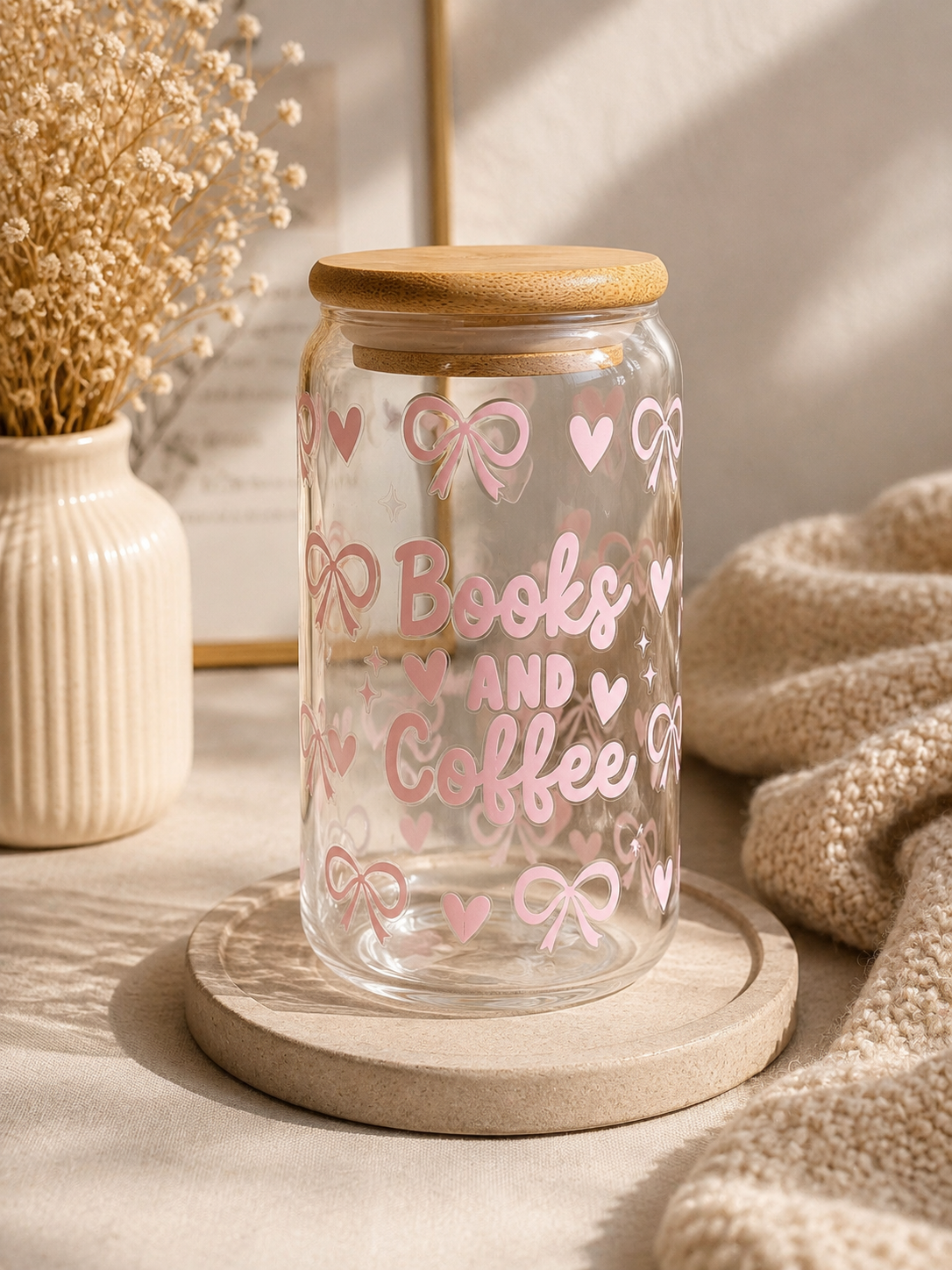 🎀 Books & Coffee – Trinkglas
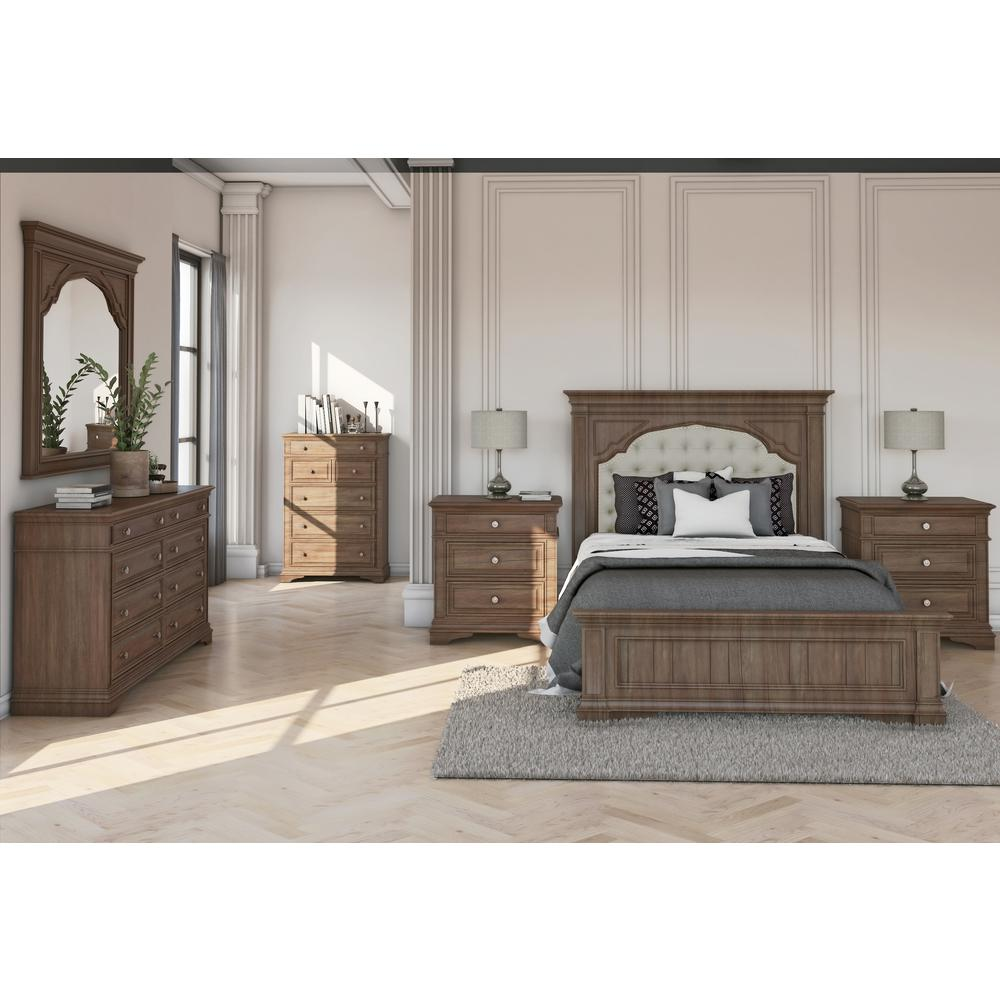 Highland Park Mediterranean Farmhouse King Bed - Driftwood - Mediterranean Tuscan Contemporary Home Decor Furniture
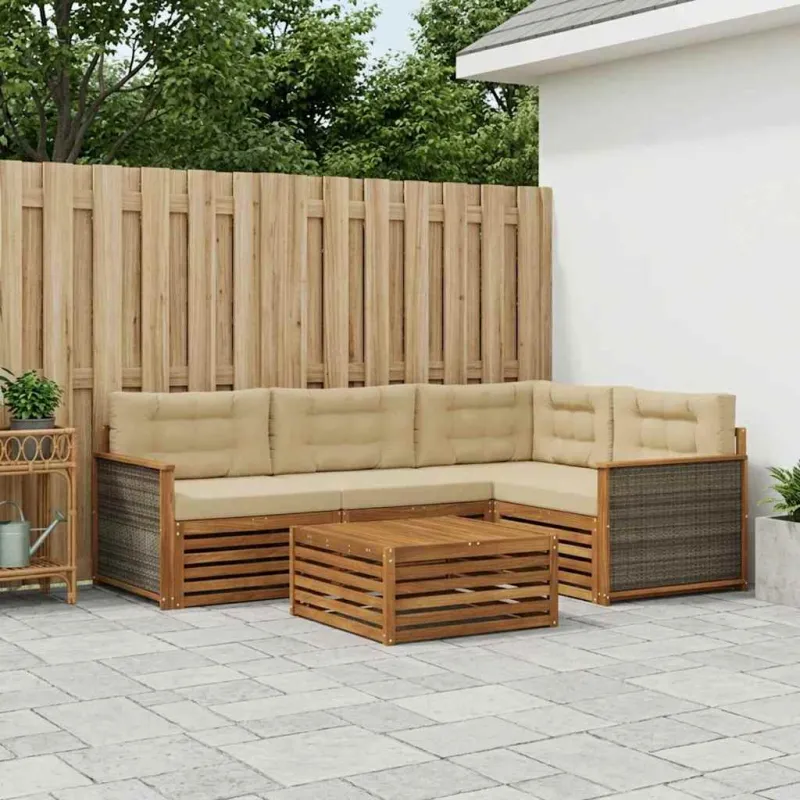 Lauko sofos komplektas su pagalve 5 pcs Natūralus ir bežinis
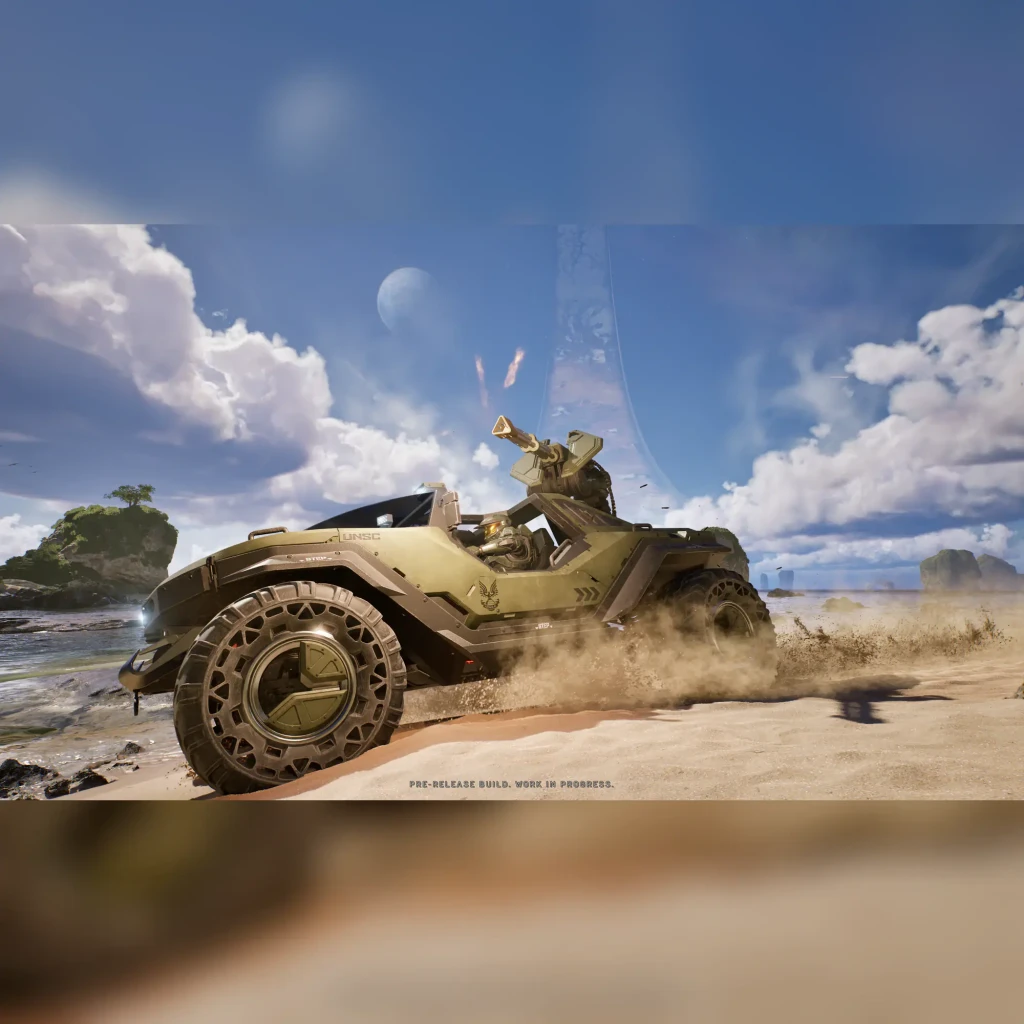 Jeu vidéo Microsoft Halo: Campaign Evolved Bleu Standard PS5, en jeu: Warthog UNSC sur plage avec soldat et tourelle, anneau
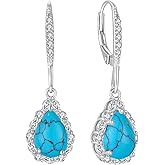 Aprila Turquoise Earrings 925 Sterling Silver Leverback Drop Dangle Earrings 5A Cubic Zirconia Jewelry for Women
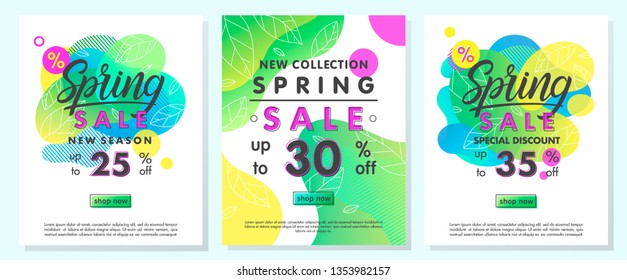 Set of spring special offer banners.Trendy templates with gradient backgrounds,fluid shapes and geometric elements.Sale posters perfect for prints, flyers banners, promotional ad, special offers.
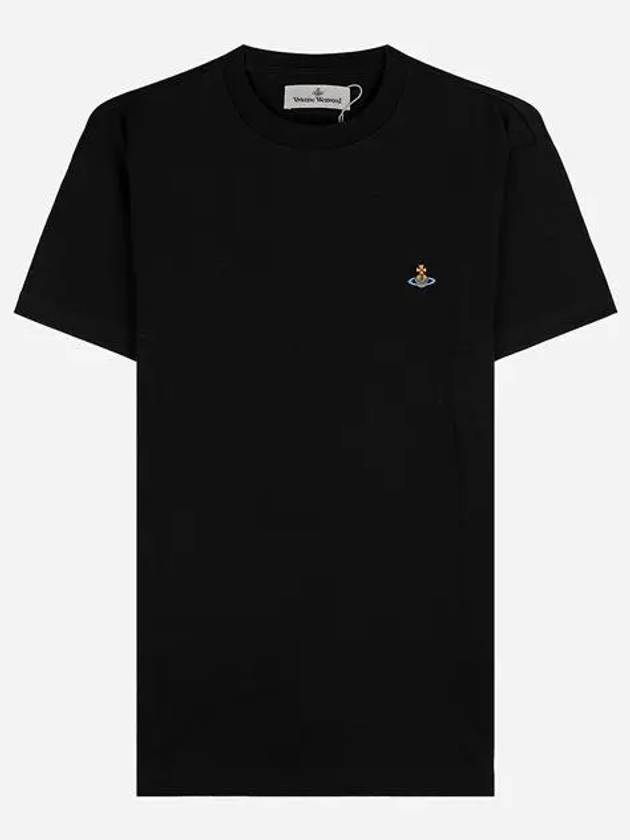 ORB Logo Cotton Short Sleeve T-Shirt Black - VIVIENNE WESTWOOD - BALAAN 2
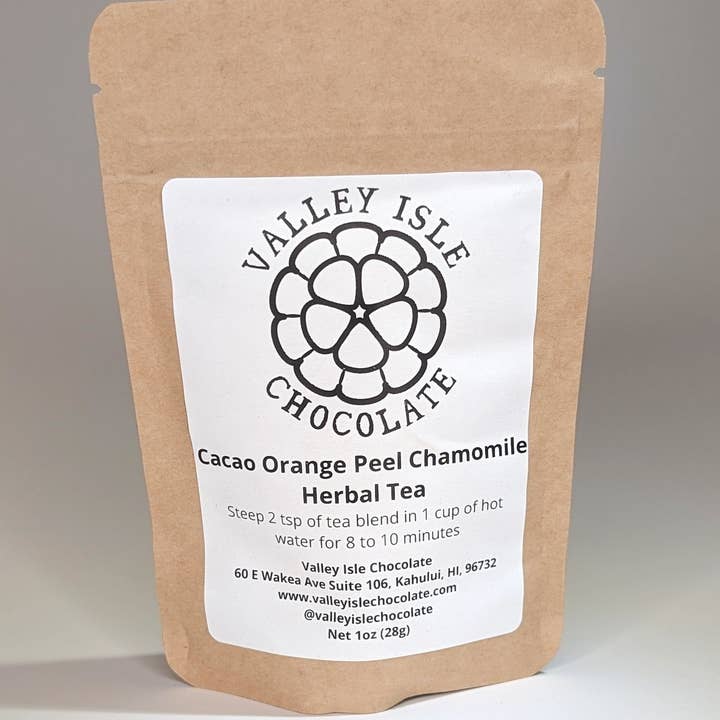 Cacao Orange Peel Chamomile Herbal Tea 1oz Bag 10 Case for wholesale by Valley Isle Chocolate
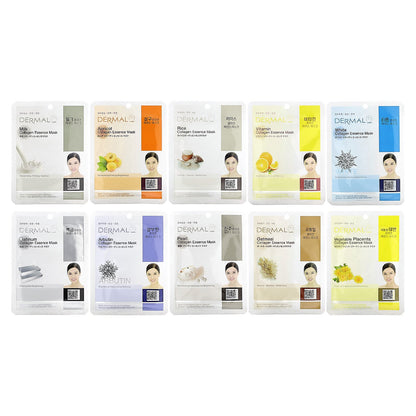 Dermal, Collagen Essence Beauty Masks, Brightening, Assorted, 10 Sheets, 0.81 oz (23 g) Each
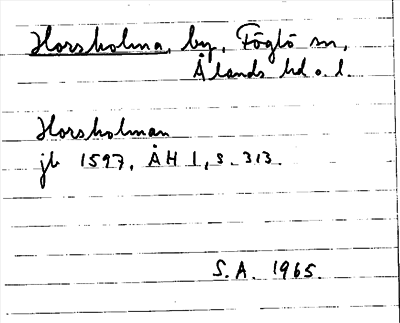 Bild på arkivkortet för arkivposten Horsholma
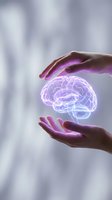 Protective hands surrounding glowing purple brain hologram representing mental health care, neuroscience research, cognitive protection and mind wellness concepts.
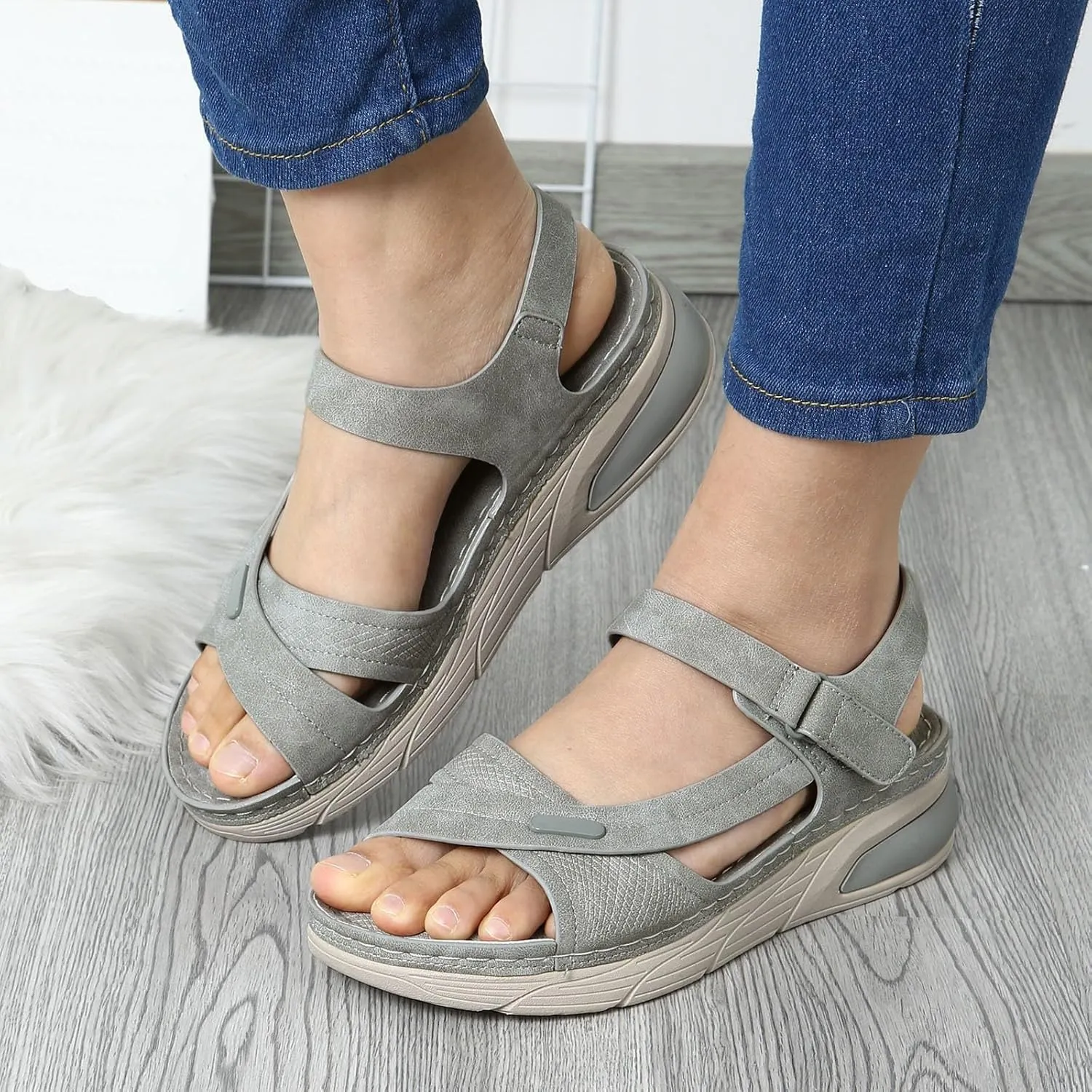 Women's Summer Platform Sandals Comfortable Toe Casual Walking Shoes with Thick Sole for Outdoor Vacation Travel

^^^^

Every line from the one with "Cacao Orange Peel" through the last line of the data must be copied exactly. Leave the pictures out.

 Cacao Orange Peel Chamomile Herbal Tea 1oz Bag 10 Case for wholesale by Valley Isle Chocolate
 Dermal, Collagen Essence Beauty Masks, Brightening, Assorted, 10 Sheets, 0.81 oz (23 g) Each
 Bild på arkivkortet för arkivposten Horsholma
 Protective hands surrounding glowing purple brain hologram representing mental health care, neuroscience research, cognitive protection and mind wellness concepts.
 Women's Summer Platform Sandals Comfortable Toe Casual Walking Shoes with Thick Sole for Outdoor Vacation Travel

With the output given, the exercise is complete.